However there's one thing missing when preempt mode is enabled right now,
which is the spatial locality hint when there're page requests from the
destination side.
In vanilla postcopy, as long as a page request was unqueued, it will update
the PSS of the precopy background stream, so that after a page request the
background thread will move the pages after whatever was requested. It's
pretty much a natural behavior when there's only one channel anyway, and
one scanner to send the pages.
Preempt mode didn't follow that, because preempt mode has its own channel
and its own PSS (which doesn't linearly scan the guest memory, but
dedicated to resolve page requested from destination). So the page request
process and the background migration process are completely separate.

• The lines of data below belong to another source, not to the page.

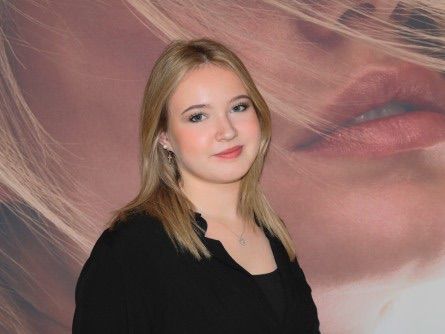 Eine junge Frau mit blonden Haaren steht vor einem Poster. Sie trägt ein schwarzes Oberteil und eine Halskette.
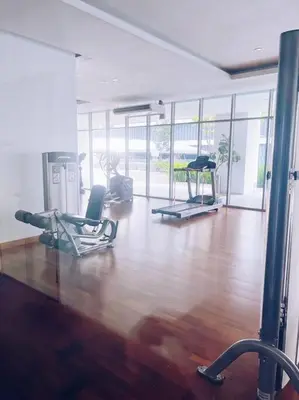 a gym with two chairs and a wooden floor at [Promo] Connected Train 2 Bedroom (ABOVE MALL) 28 in Kuala Lumpur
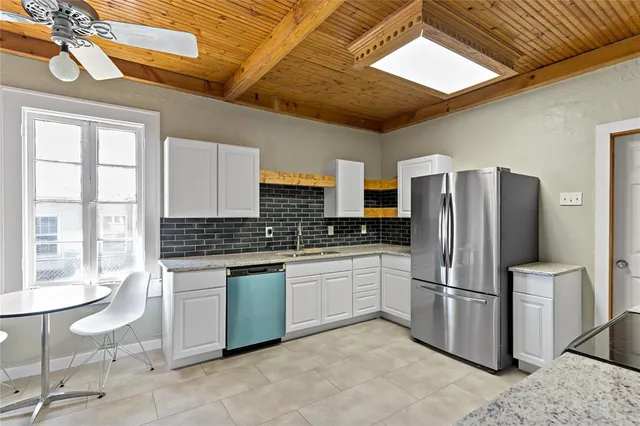 a kitchen with stainless steel appliances granite countertop a refrigerator a stove a sink and dishwasher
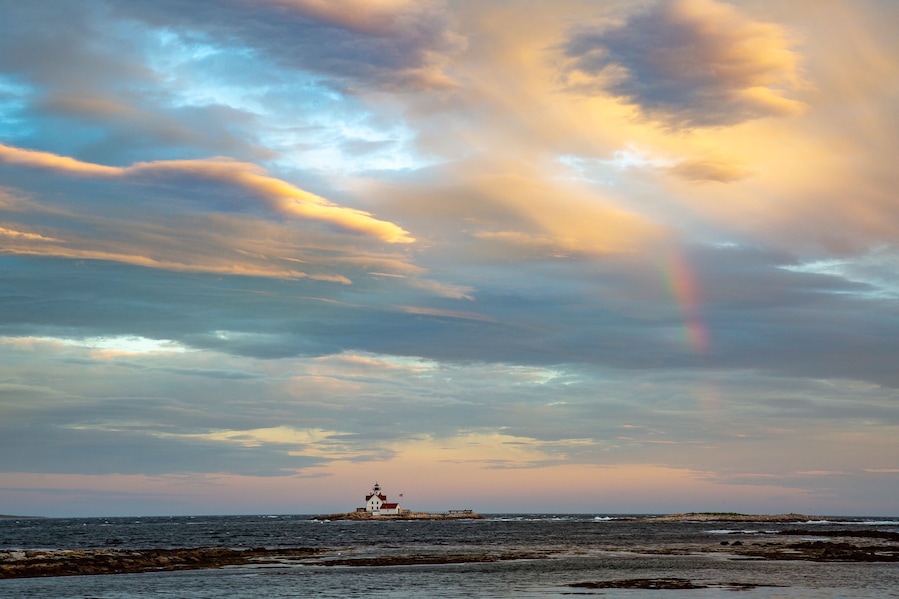 A lighthouse on a rocky outcrop with a rainbow in the sky.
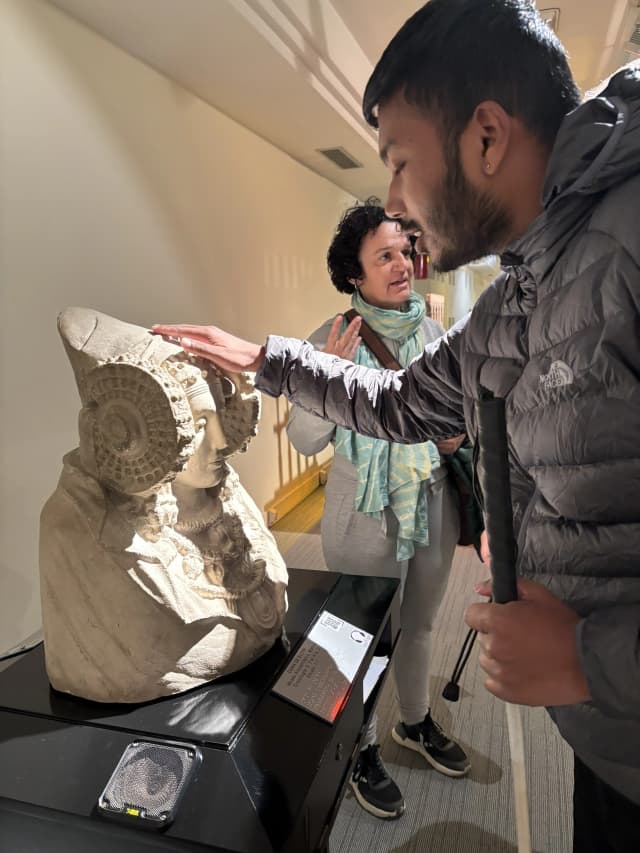 Our Founder Abhishek Shahi is touching a tactile replica of the Lady of Elche (La Dama de Elche), a famous Iberian sculpture, celebrated for its intricate headdress and detailed craftsmanship.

This patch adds the hint explicitly for preempt mode. With that, whenever
the preempt mode receives a page request on the source, it will service the
remote page fault in the return path, then it'll provide a hint to the
background thread so that we'll start sending the pages right after the
requested ones in the background, assuming the follow up pages have a
higher chance to be accessed later.
NOTE: since the background migration thread and return path thread run
completely concurrently, it doesn't always mean the hint will be applied
every single time. For example, it's possible that the return path thread
receives multiple page requests in a row without the background thread
getting the chance to consume one. In such case, the preempt thread only
provide the hint if the previous hint has been consumed. After all,
there's no point queuing hints when we only have one linear scanner.
This could measureably improve the simple sequential memory access pattern
during postcopy (when preempt is on). For random accesses, I can measure a
slight increase of remote page fault latency from ~500us -> ~600us, that
could be a trade-off to have such hint mechanism, and after all that's
still greatly improved comparing to vanilla postcopy on random (~10ms).
The patch is verified by our QE team in a video streaming test case, to
reduce the pause of the video from ~1min to a few seconds when switching
over to postcopy with preempt mode.
Reported-by: Xiaohui Li <xiaohli@redhat.com>
Tested-by: Xiaohui Li <xiaohli@redhat.com>
Reviewed-by: Juraj Marcin <jmarcin@redhat.com>
Link: https://lore.kernel.org/r/20250424220705.195544-1-peterx@redhat.com
Signed-off-by: Peter Xu <peterx@redhat.com>
---
migration/ram.c | 97 ++++++++++++++++++++++++++++++++++++++++++++++++-
1 file changed, 96 insertions(+), 1 deletion(-)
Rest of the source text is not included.